Before importing the NLP pre-training dataset to the platform, you need to preprocess the dataset according to the data format described in Preprocessing Data.

In addition, when you import a dataset from OBS to ModelArts Studio, the size of a single file cannot exceed 50 GB, and the number of files is not limited. For details, see Format Requirements for Text Datasets.

  1. Log in to ModelArts Studio and access the desired workspace.
  2. In the navigation pane, choose Data Engineering > Data Acquisition.
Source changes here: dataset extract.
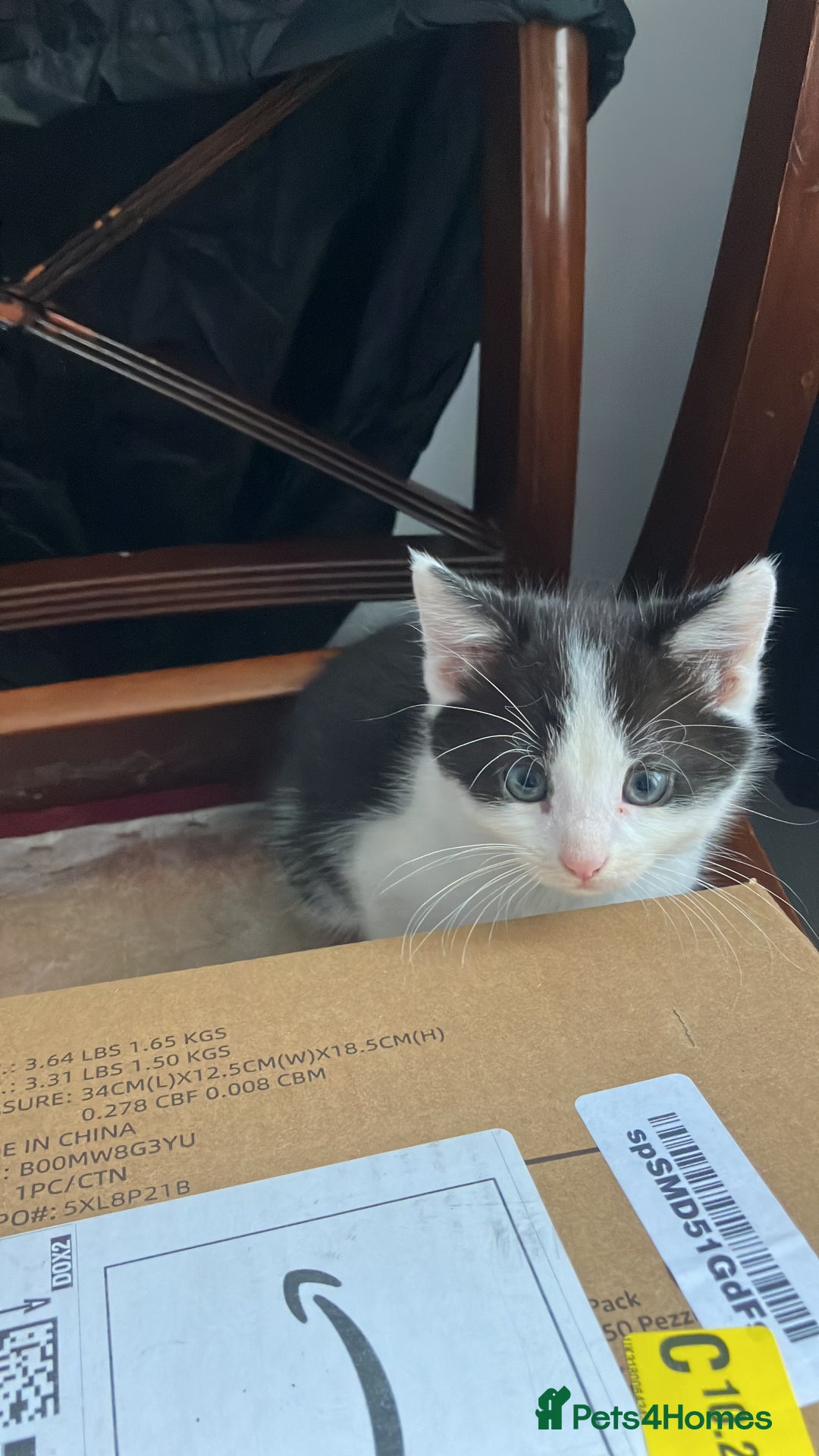 Mixed Breed cats for sale: Kitten available now - Image 6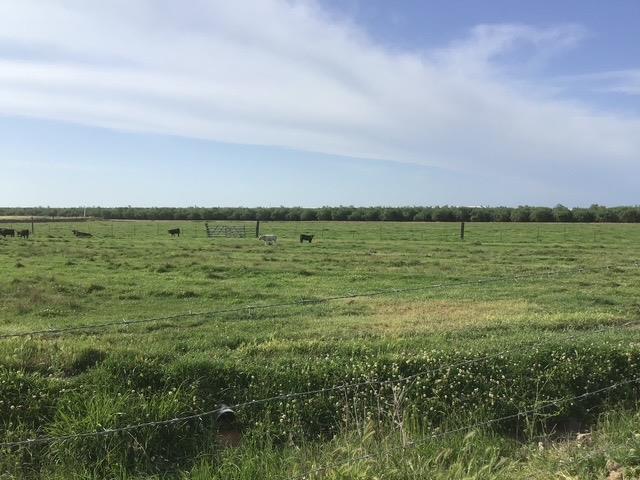 E Kemper Road, Oakdale, California image 9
On the Import Task page, click Create Import Job in the upper right corner.
  3. On the Create Import Job page, select the dataset type and file format, and set the import source to OBS.
    Figure 1 Create Import Job
  1. Enter the dataset name and description. Enter extended information if required.
    Extended Info includes Dataset Property and Dataset Copyright.
    • Dataset Property: You can add industry, language, and custom information to a dataset.
    • Dataset Copyright: In addition to users' self-built datasets, open-source datasets may be used for model training. The dataset copyright function is used to record and manage the copyright information of datasets to ensure that data is used in compliance with laws and regulations and clearly understand the dataset sources and related copyright authorization. By filling in the information, you can trace the source of the data and specify the restrictions and permissions for using the data, thereby protecting data copyright and avoiding copyright disputes.
  2. Click Create Now in the lower right corner of the page to return to the Import Task page. On the page that is displayed, you can view the task status of the dataset. If the task status is Succeeded, the data is successfully imported.
  3. To view the imported dataset, choose Data Engineering > Data Management > Datasets, and click the Original Dataset tab.